Il Palazzo, denominato anche d’Accursio dall’antica proprietà del primitivo nucleo medievale, sede politica e amministrativa dal Trecento, nella destinazione delle sue parti era venuto progressivamente a rispecchiare il regime di governo misto della città con la destinazione del piano nobile alle magistrature cittadine e del secondo ai Legati pontifici. Fin dal Seicento il complesso monumentale era stato identificato anche come luogo di conservazione, sistematizzazione e pubblica fruizione di raccolte donate alla città.
Palazzo d'Accursio, Piazza Maggiore, Bologna
Risale al 1617 l’allestimento al suo interno delle collezioni scientifiche del grande naturalista Ulisse Aldrovandi, e al 1677 l’affiancamento ad esso della Wunderkammer del marchese Ferdinando Cospi. Questa realtà museale, che aveva assunto fama internazionale, nel secolo dei Lumi, sarebbe stata destinata ad alimentare un più innovativo concetto di museo in una sede diversa, Palazzo Poggi in Strada San Donato, innescando un processo che portava a dissolvere l’unità d’origine delle raccolte e la ricchezza dei nessi con le figure dei collezionisti, riaggregandone i materiali secondo più moderni modelli culturali (1742-43). Un processo, che nel momento in cui proiettava Bologna in una nuova dimensione culturale di raggio europeo, vedeva contestualmente scemare il forte riferimento civico connesso al luogo sia per la contiguità con le sedi del governo cittadino che per la prossimità con quello dello Studio.
Attraverso i secoli dell’Antico Regime il palazzo si era arricchito inoltre di importanti opere d’arte che ne sottolineavano la funzione di luogo della vita politica e civica, del cerimoniale pubblico, della memoria storica, del fasto cittadino. Questo patrimonio, di cui resta memoria nelle testimonianze dei viaggiatori stranieri, privo di condizioni e strumenti di tutela adeguati, sarebbe stato disperso a seguito degli avvicendamenti politici.

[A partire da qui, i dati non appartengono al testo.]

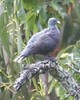 LaurelPigeon(Cursorius)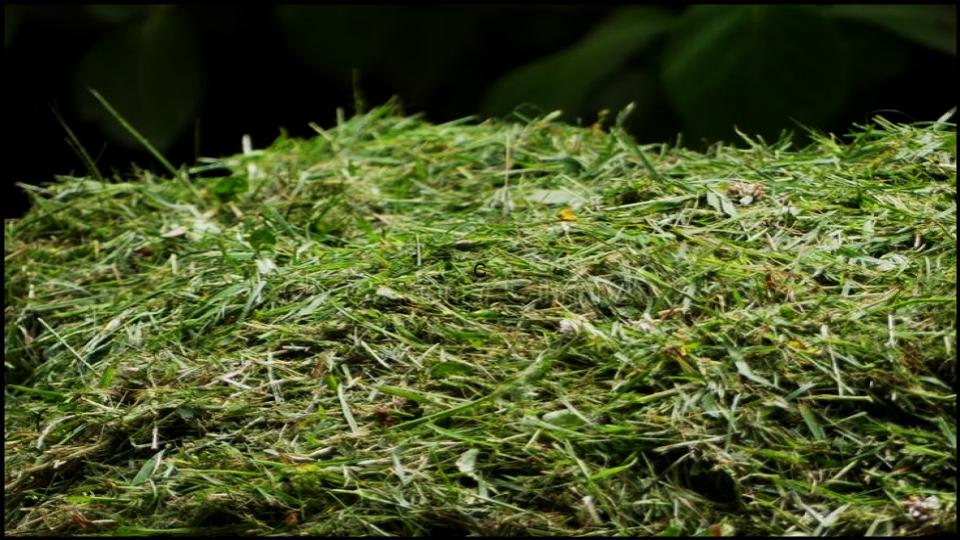 13 Types of Mulch You’re Probably Using Wrong—Here’s What Experts Say 9 Grass Clippings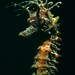 Observation photo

Al piano nobile, nell’appartamento degli Anziani e del Gonfaloniere, in epoca barocca campeggiavano alcuni importanti dipinti esposti all’ammirazione del visitatore, appositamente commissionati o pervenuti per lascito. Alcuni di essi sarebbero confluiti nella sede nazionale della Pinacoteca, a seguito delle soppressioni napoleoniche: di Guido Reni il Pallione con la Madonna e i Santi protettori di Bologna (commissionato dal Senato come ex voto per la peste del 1630) e il Sansone donato dal cardinale Girolamo Boncompagni allo stesso Senato nel 1684. Altri dipinti sono andati dispersi, mentre una grande tela di Marcantonio Franceschini con Santa Caterina de’ Vigri fu trasferita a Roma nella chiesa di Santi Giovanni e Petronio dei Bolognesi, dove tuttora si trova.